Before I start, Mr Speaker, I am sure I speak for the whole House when I say I am appalled by the horrific events in Ukraine. This is an unprovoked attack by President Putin, and the UK and its allies will respond decisively. This morning the Prime Minister spoke to President Zelensky and chaired Cobra. He will make a statement to this House later today to outline the UK response, including overwhelming sanctions. The Cabinet Office is accelerating work on domestic resilience and we will provide more information on that in due course.
More than 2,000 civil service jobs have already moved to places across the UK under the Places for Growth programme, including York and the south-west.

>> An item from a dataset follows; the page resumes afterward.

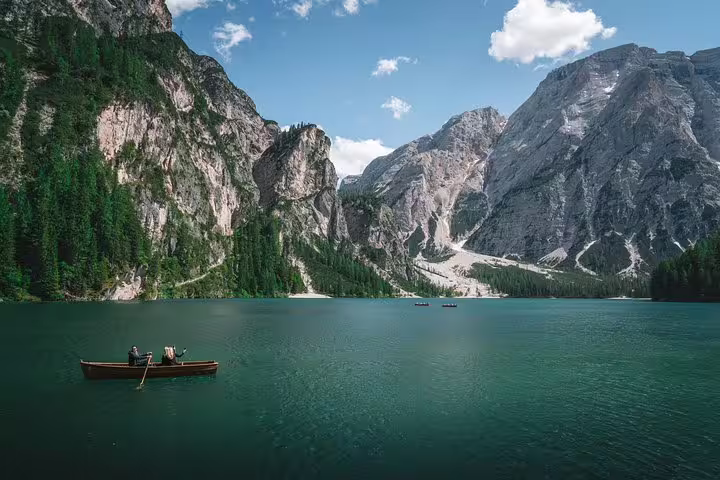 Scenic view of a boat on a tranquil lake surrounded by majestic Dolomite mountains, perfect for a day trip from Venice.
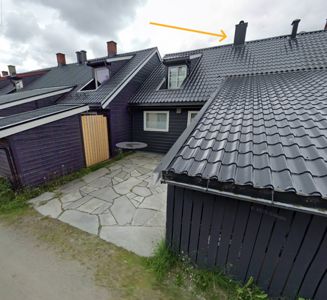 Fotografi av en rekkehusbebyggelse med fokus på takkonstruksjon, takfliser, skorsteiner og en steinlagt hagevei.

May I associate myself with my right hon. Friend’s words? In this Parliament, we will stand in solidarity against the deranged tyranny we have seen and make the road that President Putin has chosen as painful as possible.
York is a beautiful city. It is the beating economic heart of the York city region, the new devolved region of York and the whole of the beautiful county of North Yorkshire. We would give a very warm welcome to anybody who relocates their jobs and their families to the area. Will my right hon. Friend update us on the very exciting plans we have heard about, which will see a number of jobs coming to the city?
Mr Speaker, even as Lancastrians I am sure that both you and I recognise that York is indeed a beautiful city. It very much features in our plans to relocate roles. Around 300 civil service roles have already moved or are moving to the city, in addition to the 2,790 civil servants already based in York.
I thank my right hon. Friend for that answer. Does he agree that the south-west also needs levelling up? Devon and Cornwall are more than just great places to go on holiday; they are also great places to live and work.
I very much agree. That is why the south-west is already home to 45,000 civil servants. The recent levelling-up White Paper highlighted the range of Departments that will be relocating, including to the south-west.
We know it is important to have a good breadth of civil service jobs out in the country, but it is also important to have a diverse civil service. Will the Minister explain what he will do to ensure that the top jobs in the civil service better reflect the nation they seek to serve?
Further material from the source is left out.